Aos 89 anos, ele era o integrante mais velho da excursão que levou 32 torcedores do Lobão a Erechim. Eles tinham quase 600 quilômetros pela frente quando o ônibus que os levava de volta para casa após a derrota para o Ypiranga tombou na ribanceira da RS-135, deixando 25 feridos – e até esta sexta-feira, quatro ainda internados. Pela idade e pelas lesões (teve fraturas em oito costelas, na vértebra T-9 e ainda perfuração de pulmão), inspira cuidados, apesar de seu quadro ser considerado estável. Está (muito!) lúcido, conversa sem tantas dificuldades e mantém o bom humor.
Ao ser informado que Luiz Carlos Winck havia sido o escolhido para substituir Antonio Picoli, abriu um sorriso e disse:
— Eu sabia! Se tivesse R$ 1 milhão, teria apostado que iam atrás dele.
Não que não goste do agora ex-treinador. Pelo contrário, teve gratidão pelos títulos recentes. Mas ele gosta, mesmo, é do Pelotas. E talvez a troca ajude o clube.
Sua relação com o lado azul e amarelo da cidade do sul do Estado começou em 1942, contou, ainda deitado na cama. Tinha 12 anos e jogava futebol no Sul-América, um time amador. Segundo ele, destacou-se e foi parar no Pelotas. Seu colega de time acabou do lado rival: era Joaquinzinho, que jogou depois em Corinthians, Fluminense e tem a lenda de ter sido oferecido ao Santos em troca de Pelé.
A carreira de Eldor Stigger, porém, não foi dentro de campo. Começou a receber um salário maior para ser mecânico e os veículos ganharam espaço em seu coração. Claro, espaço a ser dividido com o Pelotas. Abriu sua oficina e, ao longo dos anos, conciliou as paixões.
Na Boca do Lobo, foi conselheiro por mais de 20 anos. É figura frequente nas partidas do time na Avenida Bento Gonçalves. E, mais ainda, fora de casa. Aliás, é fácil encontrá-lo no setor visitante nas partidas longe de Pelotas.

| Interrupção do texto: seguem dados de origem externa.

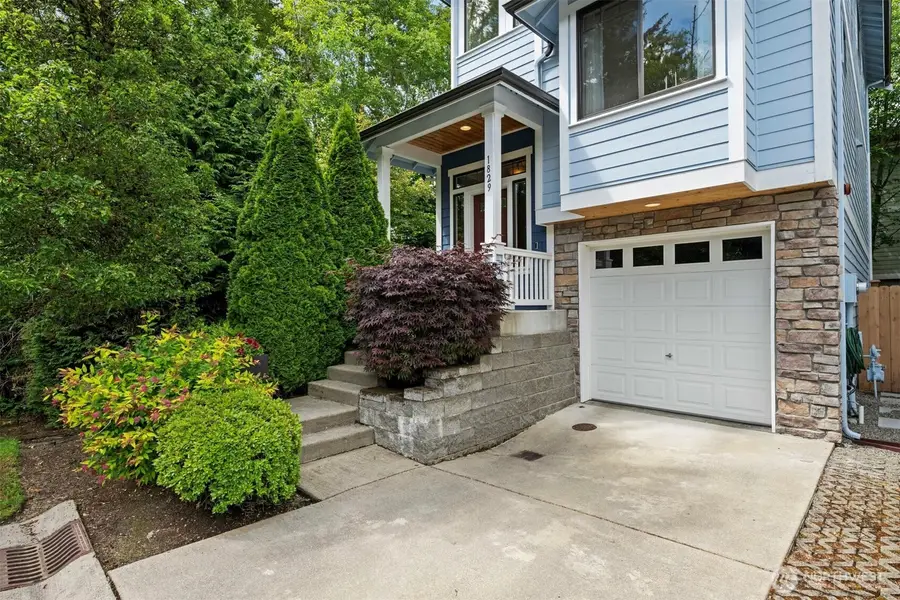 1829 95th Street Sw #8, Everett, WA 98204 - #2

Como essa para Erechim. A equipe não tinha jogado bem, perdeu, Picoli pediu demissão e ainda tinha um Estado inteiro para cruzar. Então veio o acidente.
— Meu colega de banco caiu por cima de mim, não estava de cinto. O cinto é para isso, não deixar as pessoas soltas. Eu estava usando. Mas ele não fez por mal, é meu amigo. Foi uma daquelas coisas que a gente não prevê — lamenta.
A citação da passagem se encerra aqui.